Em Portugal esta regra é seguida mas no Brasil, não necessariamente.
Essa ênclise com o verbo auxiliar praticamente não é usada aqui. Na linguagem coloquial é frequente (talvez, o mais frequente) a próclise com o verbo principal. Penso que numa escrita mais formal a opção mais frequente seja a ênclise com o verbo principal.
Ia me esquecendo de comer. (coloquial)
Ia esquecendo-me de comer. (formal)
Ia-me esquecendo de comer. (PtEu)

Obs.: Na linguagem oral, ao menos na variante brasileira, nem sempre há como distinguir a presença ou não do hífen. Mas é certo que ele não estará lá.


----------



## merquiades

anaczz said:


> Ia me esquecendo de comer. (coloquial)
> Ia-me esquecendo de comer. (PtEu)





> Estava-me esquecendo
> Estava me esquecendo



Acho que oralmente não importa tanto porque ambas formas têm a mesma pronúncia, não è assim?


----------



## anaczz

Não sei se os portugueses confirmam, mas creio que na variante europeia haja alguma diferença nas pronúncias entre "estava-me" e "estava me" (embora lembrando que o uso do gerúndio é bem mais restrito em Portugal). 
No Brasil,  a pronúncia seria a mesma ou, eventualmente, seria feita uma pequena pausa entre "estava-me" e "esquecendo".
mais ou menos como
estava-me -> estávame isquecendo 
estava me -> estava misquecendo
mas isso porque essa ênclise é uma construção estranha para os brasileiros e, provavelmente, seria marcada na fala, numa leitura por exemplo.


----------



## merquiades

Muito obrigado de novo, Anaczz.   Não imaginei que houvesse uma diferença de pronuncia.  Quanto aprendemos neste foro.


----------



## mexerica feliz

merquiades said:


> Muito obrigado de novo, Anaczz.   Não imaginei que houvesse uma diferença de pronuncia.  Quanto aprendemos neste foro.

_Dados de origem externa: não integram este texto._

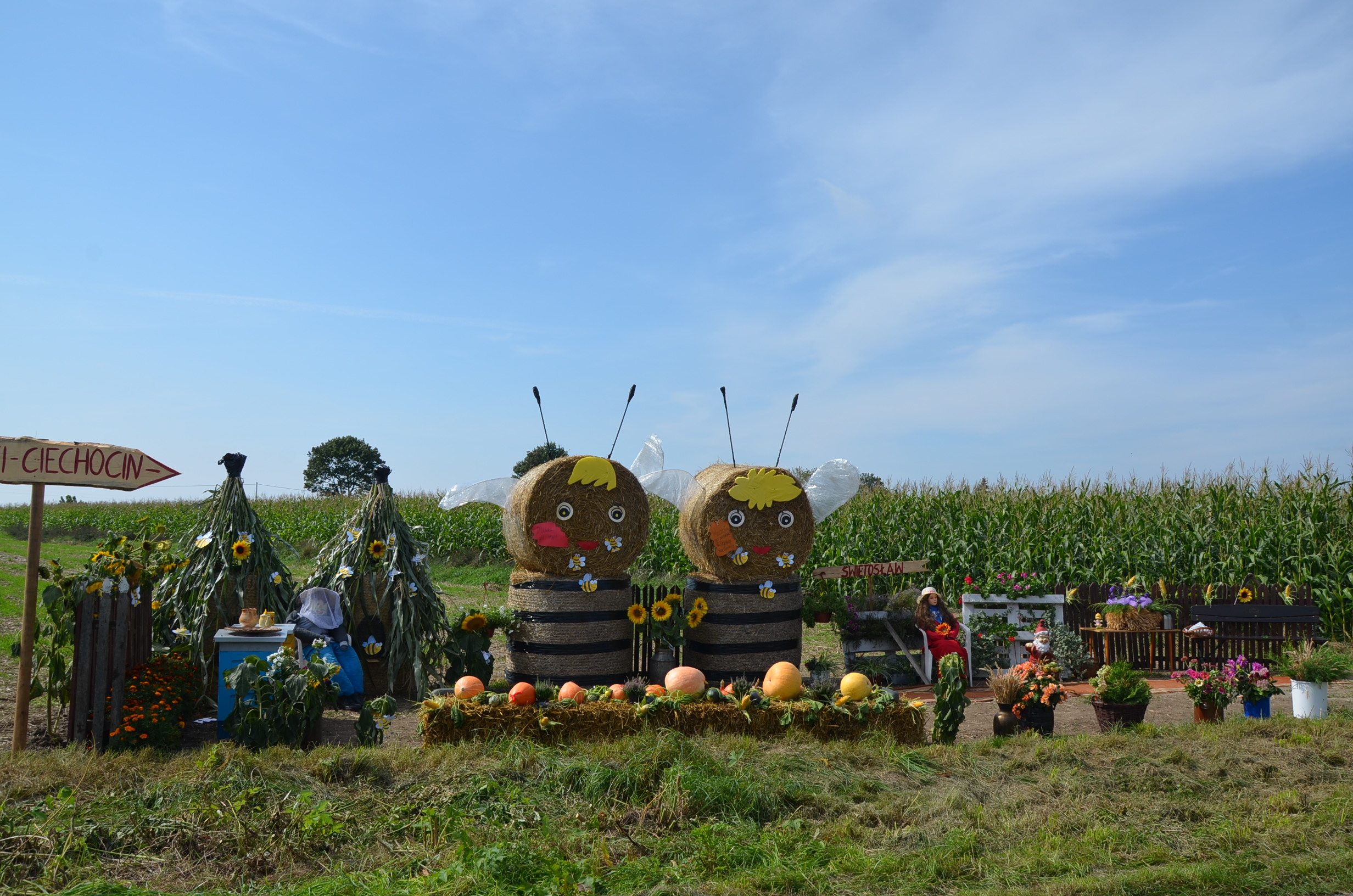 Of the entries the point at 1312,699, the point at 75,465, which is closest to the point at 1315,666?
the point at 1312,699

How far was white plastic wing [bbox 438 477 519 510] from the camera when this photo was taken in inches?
331

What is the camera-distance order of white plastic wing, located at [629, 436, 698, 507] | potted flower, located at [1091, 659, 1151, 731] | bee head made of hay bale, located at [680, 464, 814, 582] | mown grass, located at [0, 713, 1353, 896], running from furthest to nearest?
white plastic wing, located at [629, 436, 698, 507] → bee head made of hay bale, located at [680, 464, 814, 582] → potted flower, located at [1091, 659, 1151, 731] → mown grass, located at [0, 713, 1353, 896]

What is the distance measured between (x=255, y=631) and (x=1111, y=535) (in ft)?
34.6

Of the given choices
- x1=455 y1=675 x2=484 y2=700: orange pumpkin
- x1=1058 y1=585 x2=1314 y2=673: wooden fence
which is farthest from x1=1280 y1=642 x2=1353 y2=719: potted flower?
x1=455 y1=675 x2=484 y2=700: orange pumpkin

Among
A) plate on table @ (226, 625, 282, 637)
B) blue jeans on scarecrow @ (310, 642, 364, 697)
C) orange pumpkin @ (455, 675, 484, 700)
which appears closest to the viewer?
orange pumpkin @ (455, 675, 484, 700)

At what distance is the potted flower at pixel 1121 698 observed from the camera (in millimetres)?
6520

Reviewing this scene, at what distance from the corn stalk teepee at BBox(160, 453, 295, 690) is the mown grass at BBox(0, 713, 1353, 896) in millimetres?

É só intercalar um advérbio, usar uma palavra negativa ou ''atrativa'':

_*Estava-me* até a esquecer. (_Portugal).   [ênclise ao verbo auxiliar] 
_*Estava-me* até esquecendo. _(Alentejo, Portugal).   [ênclise ao verbo auxiliar] 
_Estava até *me esquecendo. *_(Brasil). [próclise ao verbo principal] 

_Sei que* me estava *a esquecer _(Portugal).   [próclise ao verbo auxiliar] 
_Sei que* me estava* esquecendo._ (Alentejo, Portugal) [próclise ao verbo auxiliar] 
_Sei que estava *me esquecendo. *_(Brasil). [próclise ao verbo principal]


No ''Manual'' do jornal '"Estado de S. Paulo''  pode se ler:



> _*No "Estado"*_
> O Estado aceita o uso, no noticiário, do pronome oblíquo  colocado  entre dois verbos, sem necessidade de se ligar por hífen ao  primeiro  deles. Trata-se de uma característica do português do Brasil  que não é  mais possível desprezar:_ Ele estava se preparando para sair. / Falta d_’_água   pode se agravar hoje. / Ele tinha se revoltado contra o pai. / Devia   estar se aborrecendo com tudo aquilo. / Queria se livrar do amigo. / Vai   se casar esta semana. / Esses homens podem nos ajudar. / Venho lhe   trazer o meu apoio. / Tinha nos decepcionado._


http://www.estadao.com.br/manualredacao/esclareca/c.shtm


----------



## dexterciyo

Na verdade é que no uso com verbos que exigem o pronome *"se"* tem sentido, uma vez que refere ao sujeito da oração.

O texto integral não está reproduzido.